Have we reached a digital peak?  Are we at the point where the digital tide has swept away all before it and can go no further?  It feels that way when you look up from your phone in a crowded place and everyone else is looking down at theirs. And the growth of social media has decelerated mainly because there are fewer people left who aren’t on it. The promise of a connected world has become the reality of online shouting matches and hours of liking and following. 

It seems significant that digital natives are among the most dissatisfied with digital media.  A recent survey of 5,000 students in the UK found that slightly more than half said social media made them feel less confident about how they look or how interesting their life is. Even more said they had received abusive comments online, and nearly two thirds said they had taken temporary digital detoxes to escape social media.

And maybe even more significant, Silicon Valley insiders are increasingly reluctant to have their own children use digital media.  A 2017 survey of more than 900 Silicon Valley parents found that many of them have serious concerns about tech's impact on kids' psychological and social development. 

These parents are in good company. A year before his death, Steve Jobs told The New York Times that he prohibited his children from using the then newly-released iPad. "We limit how much technology our kids use at home," Jobs told reporter Nick Bilton. And last year, Job’s successor at Apple, Tim Cook, told The Guardian that while he didn’t have children of his own, he wouldn’t want his nephew using social media. 

With all these warning signs flashing it’s interesting that Bill and Melinda Gates would still be touting the promise of electronic textbooks for young students in their 2019 annual letter. “Instead of just reading a chapter on solving equations,” they wrote, “you can look at the text online, watch a super-engaging video that shows you how it’s done, and play a game that reinforces the concepts.”

That sounds great and there’s certainly a place for eTextbooks in adaptive learning but are they really a substitute for words on paper?  Not according to the students who have to use them.  A Forbes article I read earlier this month about technology in the classroom captures some of the shortfalls of digital. “Please, no more online homework,” says one student. Why?  Because the digital books lacked the tactile experience of paper and the scrolling from page to page interrupted the students’ learning process. 

It’s now well known that paper has some important advantages over pixels.
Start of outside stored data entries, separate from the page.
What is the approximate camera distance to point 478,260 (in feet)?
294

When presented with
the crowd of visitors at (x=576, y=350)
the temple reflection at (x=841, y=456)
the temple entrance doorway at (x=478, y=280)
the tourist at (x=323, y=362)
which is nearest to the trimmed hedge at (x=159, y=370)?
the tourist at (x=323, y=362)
Writing on paper helps with long-term comprehension and reading long passages on screens is more difficult than reading the same words on paper.  Tim Cook in that same The Guardian interview went on to say, “There are still concepts that you want to talk about and understand. In a course on literature, do I think you should use technology a lot? Probably not.” 

So, does that mean there’s no place for digital in the classroom? No. Students need both the immediacy of digital and the tactile of paper to get the most from their learning experience.

But if you had to choose just one, there’s still no substitute for paper.